WHAT YOU HAVE TO DO
Scan the material below for lines with the word "Slip" and reply with how many there are, nothing else.
- Opening Delimiter -
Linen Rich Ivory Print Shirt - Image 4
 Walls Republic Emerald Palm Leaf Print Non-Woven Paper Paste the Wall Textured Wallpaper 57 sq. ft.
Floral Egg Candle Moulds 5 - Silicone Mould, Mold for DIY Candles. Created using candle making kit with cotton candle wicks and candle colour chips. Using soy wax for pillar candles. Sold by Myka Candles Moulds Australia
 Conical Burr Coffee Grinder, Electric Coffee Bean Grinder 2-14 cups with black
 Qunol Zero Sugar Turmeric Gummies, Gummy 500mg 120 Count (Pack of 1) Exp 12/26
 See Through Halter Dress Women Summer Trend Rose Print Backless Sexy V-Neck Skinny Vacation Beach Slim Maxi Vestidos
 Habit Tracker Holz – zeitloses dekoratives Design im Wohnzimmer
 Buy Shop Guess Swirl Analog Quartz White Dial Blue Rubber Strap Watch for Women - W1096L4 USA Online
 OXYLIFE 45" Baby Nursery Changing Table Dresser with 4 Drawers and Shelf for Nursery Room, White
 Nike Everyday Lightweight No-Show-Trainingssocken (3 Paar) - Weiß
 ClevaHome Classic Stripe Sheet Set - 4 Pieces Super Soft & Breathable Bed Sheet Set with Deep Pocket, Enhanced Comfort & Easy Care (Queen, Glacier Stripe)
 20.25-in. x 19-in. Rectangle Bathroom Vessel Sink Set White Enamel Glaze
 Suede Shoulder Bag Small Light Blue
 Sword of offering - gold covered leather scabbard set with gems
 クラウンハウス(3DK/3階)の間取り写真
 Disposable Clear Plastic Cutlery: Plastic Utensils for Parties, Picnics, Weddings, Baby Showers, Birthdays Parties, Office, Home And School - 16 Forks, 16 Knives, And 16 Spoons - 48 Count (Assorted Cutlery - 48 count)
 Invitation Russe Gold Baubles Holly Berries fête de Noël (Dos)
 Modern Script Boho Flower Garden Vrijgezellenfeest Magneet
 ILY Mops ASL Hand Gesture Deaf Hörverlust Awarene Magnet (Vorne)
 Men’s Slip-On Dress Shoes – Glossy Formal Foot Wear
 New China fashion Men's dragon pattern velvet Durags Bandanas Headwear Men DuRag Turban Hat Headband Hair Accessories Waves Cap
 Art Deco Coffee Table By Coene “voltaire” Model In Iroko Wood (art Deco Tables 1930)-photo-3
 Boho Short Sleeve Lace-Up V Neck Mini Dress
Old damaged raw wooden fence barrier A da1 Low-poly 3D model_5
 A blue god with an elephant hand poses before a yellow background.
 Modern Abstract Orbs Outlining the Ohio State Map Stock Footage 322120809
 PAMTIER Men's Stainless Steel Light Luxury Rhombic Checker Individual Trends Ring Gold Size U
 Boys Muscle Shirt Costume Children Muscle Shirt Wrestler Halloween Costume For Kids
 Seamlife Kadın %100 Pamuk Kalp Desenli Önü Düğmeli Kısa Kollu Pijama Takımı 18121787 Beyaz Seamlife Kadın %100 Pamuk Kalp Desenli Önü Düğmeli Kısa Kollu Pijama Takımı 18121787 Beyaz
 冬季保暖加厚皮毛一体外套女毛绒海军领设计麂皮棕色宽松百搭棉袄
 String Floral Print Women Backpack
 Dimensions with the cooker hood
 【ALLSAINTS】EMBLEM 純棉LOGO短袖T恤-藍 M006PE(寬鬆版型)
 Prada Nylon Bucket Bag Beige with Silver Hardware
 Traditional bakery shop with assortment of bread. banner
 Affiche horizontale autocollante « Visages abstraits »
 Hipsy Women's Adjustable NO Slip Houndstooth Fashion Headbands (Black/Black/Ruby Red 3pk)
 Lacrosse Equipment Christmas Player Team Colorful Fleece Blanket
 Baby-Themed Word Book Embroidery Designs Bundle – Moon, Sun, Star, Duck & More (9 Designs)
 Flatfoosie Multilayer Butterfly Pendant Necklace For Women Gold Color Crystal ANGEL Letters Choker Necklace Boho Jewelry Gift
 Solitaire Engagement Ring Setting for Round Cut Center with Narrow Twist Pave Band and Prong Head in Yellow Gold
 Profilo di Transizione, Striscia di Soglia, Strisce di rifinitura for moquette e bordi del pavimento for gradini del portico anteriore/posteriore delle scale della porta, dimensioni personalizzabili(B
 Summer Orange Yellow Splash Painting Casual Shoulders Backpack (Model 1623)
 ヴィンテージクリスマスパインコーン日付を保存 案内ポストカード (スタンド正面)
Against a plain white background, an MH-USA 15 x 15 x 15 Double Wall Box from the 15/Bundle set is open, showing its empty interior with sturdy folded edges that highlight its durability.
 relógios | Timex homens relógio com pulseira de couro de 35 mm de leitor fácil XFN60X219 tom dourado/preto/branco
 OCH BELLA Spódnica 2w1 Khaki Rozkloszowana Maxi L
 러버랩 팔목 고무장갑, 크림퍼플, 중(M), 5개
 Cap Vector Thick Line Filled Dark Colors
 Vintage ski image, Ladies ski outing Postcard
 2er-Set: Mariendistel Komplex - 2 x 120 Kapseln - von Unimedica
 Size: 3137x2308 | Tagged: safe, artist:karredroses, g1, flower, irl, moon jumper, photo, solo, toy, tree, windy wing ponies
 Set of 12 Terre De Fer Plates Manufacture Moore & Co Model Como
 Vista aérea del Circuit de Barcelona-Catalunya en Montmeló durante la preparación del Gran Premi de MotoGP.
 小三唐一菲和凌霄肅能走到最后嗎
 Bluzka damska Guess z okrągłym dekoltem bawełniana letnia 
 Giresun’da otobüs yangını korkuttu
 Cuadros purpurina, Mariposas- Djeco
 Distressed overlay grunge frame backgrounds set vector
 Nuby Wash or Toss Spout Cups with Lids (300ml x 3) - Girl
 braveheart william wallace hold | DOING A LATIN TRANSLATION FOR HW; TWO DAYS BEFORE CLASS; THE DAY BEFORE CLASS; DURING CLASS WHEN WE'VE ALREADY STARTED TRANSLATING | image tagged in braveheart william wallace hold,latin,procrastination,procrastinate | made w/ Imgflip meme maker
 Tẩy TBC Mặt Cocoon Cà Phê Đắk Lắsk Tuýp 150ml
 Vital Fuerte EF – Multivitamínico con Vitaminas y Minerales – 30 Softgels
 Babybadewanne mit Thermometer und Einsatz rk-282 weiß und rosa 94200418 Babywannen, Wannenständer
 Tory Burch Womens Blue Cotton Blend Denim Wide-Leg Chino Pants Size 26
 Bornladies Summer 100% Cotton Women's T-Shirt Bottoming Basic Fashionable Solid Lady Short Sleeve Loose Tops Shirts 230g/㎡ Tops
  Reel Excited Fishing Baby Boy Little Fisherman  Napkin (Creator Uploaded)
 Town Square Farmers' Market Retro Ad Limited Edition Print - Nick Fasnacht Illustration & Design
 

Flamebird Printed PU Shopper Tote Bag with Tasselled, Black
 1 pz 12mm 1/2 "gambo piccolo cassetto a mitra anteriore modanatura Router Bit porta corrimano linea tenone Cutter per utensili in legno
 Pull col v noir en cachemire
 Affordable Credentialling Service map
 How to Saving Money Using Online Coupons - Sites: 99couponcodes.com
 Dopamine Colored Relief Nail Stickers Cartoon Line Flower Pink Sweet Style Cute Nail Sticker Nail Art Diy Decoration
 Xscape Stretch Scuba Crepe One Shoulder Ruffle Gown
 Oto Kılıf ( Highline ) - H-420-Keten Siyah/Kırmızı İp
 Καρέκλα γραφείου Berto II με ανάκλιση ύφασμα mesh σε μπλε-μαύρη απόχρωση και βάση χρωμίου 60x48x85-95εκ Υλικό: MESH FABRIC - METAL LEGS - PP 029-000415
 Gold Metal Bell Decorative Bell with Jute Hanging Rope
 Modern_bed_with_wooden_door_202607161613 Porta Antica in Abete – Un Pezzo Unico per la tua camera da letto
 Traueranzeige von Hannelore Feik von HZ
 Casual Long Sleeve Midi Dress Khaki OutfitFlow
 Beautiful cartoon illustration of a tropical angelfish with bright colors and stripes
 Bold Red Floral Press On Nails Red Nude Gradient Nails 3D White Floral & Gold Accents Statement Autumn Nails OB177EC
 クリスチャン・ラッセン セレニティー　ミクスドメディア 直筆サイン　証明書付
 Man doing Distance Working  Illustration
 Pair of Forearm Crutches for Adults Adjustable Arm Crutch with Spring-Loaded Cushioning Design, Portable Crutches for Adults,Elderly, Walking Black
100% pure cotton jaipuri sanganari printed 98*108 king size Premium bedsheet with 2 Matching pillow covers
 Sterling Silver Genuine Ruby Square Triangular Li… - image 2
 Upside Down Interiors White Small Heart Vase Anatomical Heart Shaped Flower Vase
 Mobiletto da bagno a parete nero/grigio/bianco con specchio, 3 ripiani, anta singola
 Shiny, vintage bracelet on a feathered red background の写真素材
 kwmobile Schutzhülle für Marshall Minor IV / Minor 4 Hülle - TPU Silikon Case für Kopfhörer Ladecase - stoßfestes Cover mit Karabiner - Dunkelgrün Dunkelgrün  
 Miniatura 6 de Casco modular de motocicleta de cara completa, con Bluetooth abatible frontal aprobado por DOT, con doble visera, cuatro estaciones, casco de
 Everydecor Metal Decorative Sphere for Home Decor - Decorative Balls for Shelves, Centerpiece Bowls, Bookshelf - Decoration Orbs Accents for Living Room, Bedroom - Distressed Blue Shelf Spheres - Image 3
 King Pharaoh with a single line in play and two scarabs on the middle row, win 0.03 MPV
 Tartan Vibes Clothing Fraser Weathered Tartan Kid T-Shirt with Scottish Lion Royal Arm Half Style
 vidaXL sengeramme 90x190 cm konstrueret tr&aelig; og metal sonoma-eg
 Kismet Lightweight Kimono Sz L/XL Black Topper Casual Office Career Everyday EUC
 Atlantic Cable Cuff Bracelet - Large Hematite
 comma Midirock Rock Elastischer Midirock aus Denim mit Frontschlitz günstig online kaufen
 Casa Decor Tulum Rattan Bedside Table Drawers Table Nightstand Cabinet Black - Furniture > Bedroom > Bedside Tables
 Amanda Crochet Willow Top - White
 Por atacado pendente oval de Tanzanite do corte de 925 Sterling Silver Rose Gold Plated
- Closing Delimiter -
REPLY TO THE EXERCISE
2